Start of Dataset entries
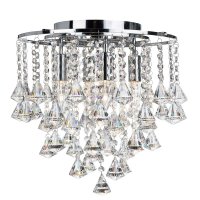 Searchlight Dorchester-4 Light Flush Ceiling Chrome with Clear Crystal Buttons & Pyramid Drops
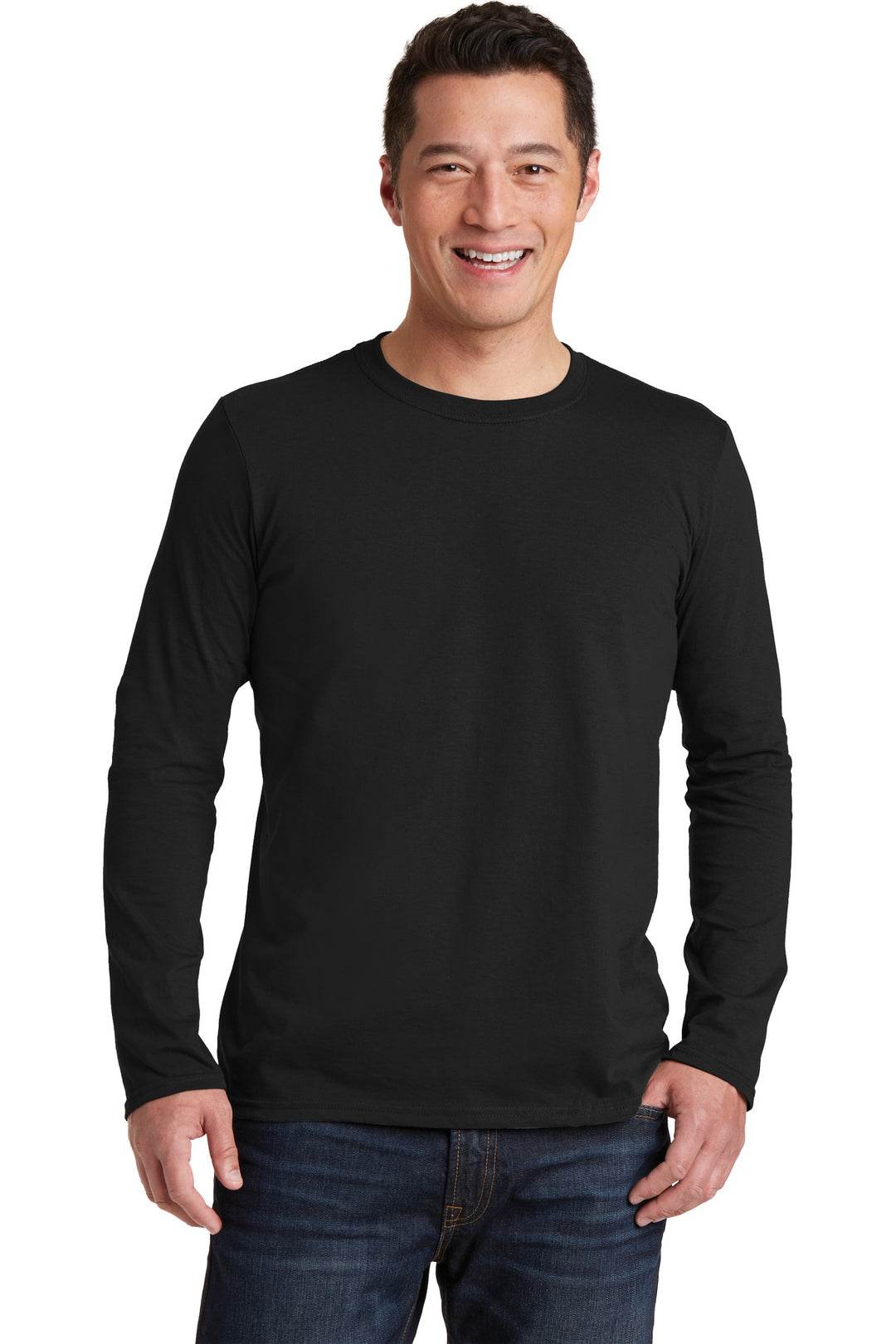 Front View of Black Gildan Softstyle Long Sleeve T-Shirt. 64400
End of Dataset entries
Start of Dataset entries
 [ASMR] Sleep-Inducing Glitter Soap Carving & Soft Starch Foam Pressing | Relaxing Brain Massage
End of Dataset entries
Copy the lines above exactly, starting with the line that contains "Searchlight Dorchester-4 Light" and ending with the line that contains "Front View of", and leave out any pictures.

Solution for this task
 Searchlight Dorchester-4 Light Flush Ceiling Chrome with Clear Crystal Buttons & Pyramid Drops
 Front View of Black Gildan Softstyle Long Sleeve T-Shirt. 64400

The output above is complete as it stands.